LecturesB, collaboration spéciale
Même si le recueil poétique n’est pas un genre très populaire dans les librairies, il est propice à la créativité et à l’originalité. La compilation de poèmes rédigés par l’artiste humaniste canadien Bernard Anton a été publiée en l’an 2021, aux Éditions L’Harmattan. Ce livre atypique apparaît dans la section des « Impliqués Éditeurs », afin de proposer des textes nouveaux. On y retrouve notamment une quantité de textes recentrés sur la perception du monde et la poésie. Cela tombe bien, puisque Célébrades répond exactement à ces sujets atemporels…
De prime abord, la couverture se présente sous une forme basique, mais très efficace, permettant de cerner aussitôt « l’esprit » dans lequel le lecteur va être plongé.
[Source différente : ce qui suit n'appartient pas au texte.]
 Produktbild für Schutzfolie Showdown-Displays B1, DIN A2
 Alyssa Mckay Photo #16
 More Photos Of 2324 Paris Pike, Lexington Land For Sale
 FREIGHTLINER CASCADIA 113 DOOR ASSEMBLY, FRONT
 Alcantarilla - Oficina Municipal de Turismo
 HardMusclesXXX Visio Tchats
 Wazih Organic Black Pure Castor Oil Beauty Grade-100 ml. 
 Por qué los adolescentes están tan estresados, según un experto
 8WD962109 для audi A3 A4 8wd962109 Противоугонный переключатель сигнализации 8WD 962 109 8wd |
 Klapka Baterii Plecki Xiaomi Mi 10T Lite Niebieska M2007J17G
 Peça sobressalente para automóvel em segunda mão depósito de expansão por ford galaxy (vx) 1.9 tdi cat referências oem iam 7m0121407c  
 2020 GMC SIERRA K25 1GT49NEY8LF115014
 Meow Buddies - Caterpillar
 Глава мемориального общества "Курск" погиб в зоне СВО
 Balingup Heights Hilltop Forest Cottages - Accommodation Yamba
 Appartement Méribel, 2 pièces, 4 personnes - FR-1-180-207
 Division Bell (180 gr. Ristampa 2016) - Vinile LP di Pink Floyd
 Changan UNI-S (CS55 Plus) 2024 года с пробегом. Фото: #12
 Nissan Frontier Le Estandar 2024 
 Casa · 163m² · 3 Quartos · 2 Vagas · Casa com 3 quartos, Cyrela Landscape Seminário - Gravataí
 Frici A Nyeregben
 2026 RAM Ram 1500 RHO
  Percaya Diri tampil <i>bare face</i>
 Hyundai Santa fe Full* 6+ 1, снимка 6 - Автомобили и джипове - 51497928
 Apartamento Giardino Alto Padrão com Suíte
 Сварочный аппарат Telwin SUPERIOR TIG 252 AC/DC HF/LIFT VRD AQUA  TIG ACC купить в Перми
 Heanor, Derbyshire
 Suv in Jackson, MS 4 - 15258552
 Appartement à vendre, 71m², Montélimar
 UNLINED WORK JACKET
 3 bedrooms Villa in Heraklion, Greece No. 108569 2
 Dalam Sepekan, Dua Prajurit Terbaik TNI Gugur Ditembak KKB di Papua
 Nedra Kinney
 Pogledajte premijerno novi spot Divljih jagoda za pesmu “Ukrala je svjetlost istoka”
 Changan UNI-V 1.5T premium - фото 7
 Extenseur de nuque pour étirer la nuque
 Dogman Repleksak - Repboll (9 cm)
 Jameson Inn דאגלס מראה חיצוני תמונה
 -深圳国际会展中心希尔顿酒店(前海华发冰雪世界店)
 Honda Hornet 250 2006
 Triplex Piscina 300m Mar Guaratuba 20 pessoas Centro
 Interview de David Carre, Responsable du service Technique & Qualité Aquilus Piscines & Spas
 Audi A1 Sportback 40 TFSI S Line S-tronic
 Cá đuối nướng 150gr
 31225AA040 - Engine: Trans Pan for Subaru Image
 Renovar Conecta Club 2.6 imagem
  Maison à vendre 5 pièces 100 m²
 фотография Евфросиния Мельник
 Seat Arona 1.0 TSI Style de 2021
Il s’agit d’une couverture claire, sur laquelle l’artiste graphiste a apposé un idéogramme japonais. Comme dans d’autres graphies originaires de l’Asie, les calligrammes incarnent une idée, une sensation, un concept. C’est cette approche très axée sur les sens et l’image qui plaît en Occident… Avant même de parcourir l’ouvrage, le lecteur est déjà emporté par une brise qui lui est à la fois étrangère et familière. Cette œuvre poétique s’étale sur 75 pages. Tout d’abord, le livre présente la bibliographie impressionnante de l’auteur. En réalité, Bernard Anton incarne de nombreux talents. Parmi ses sujets les plus abordés et développés dans ses écrits, il n’est pas rare d’y trouver des travaux dédiés aux questionnements autour des sentiments, de l’esthétique, mais aussi de ces « petites choses » de la vie quotidienne…
De plus, Bernard Anton comprend bien exploiter ses productions, afin de dénoncer les excès de l’humanité ainsi qu’un message écologiste engagé. Pour mieux faire entendre sa voix, il choisit le haïku. Le haïku est connu dans le monde entier et a déjà dépassé les frontières nippones depuis longtemps. Il s’agit d’un court poème japonais composé de 3 vers, c’est donc d’un travail artistique à l’apparence simple, mais extrêmement subtile, à la manière d’un plat gastronomique. Les accords sont fins, et le résultat reste au bout de la langue!
Les Célébrades de Bernard Anton papillonnent. Si on reconnait bien le cheval de guerre principal de l’écrivain, qui est résolument l’écologie – il a décidé d’ouvrir son recueil avec des poèmes qui mettent en scène Brigitte Bardot. Il existe de nombreuses raisons qui justifient la postérité et surtout la célébrité de cette femme, qui a longuement été la muse de plusieurs hommes. Mais plutôt que d’être ici assimilée à ses amours, elle est également célébrée en tant qu’individu : une figure protectrice quasi maternelle, à la manière d’une déesse de la nature, qui défendrait les animaux de la cruauté, si caractéristique des humains.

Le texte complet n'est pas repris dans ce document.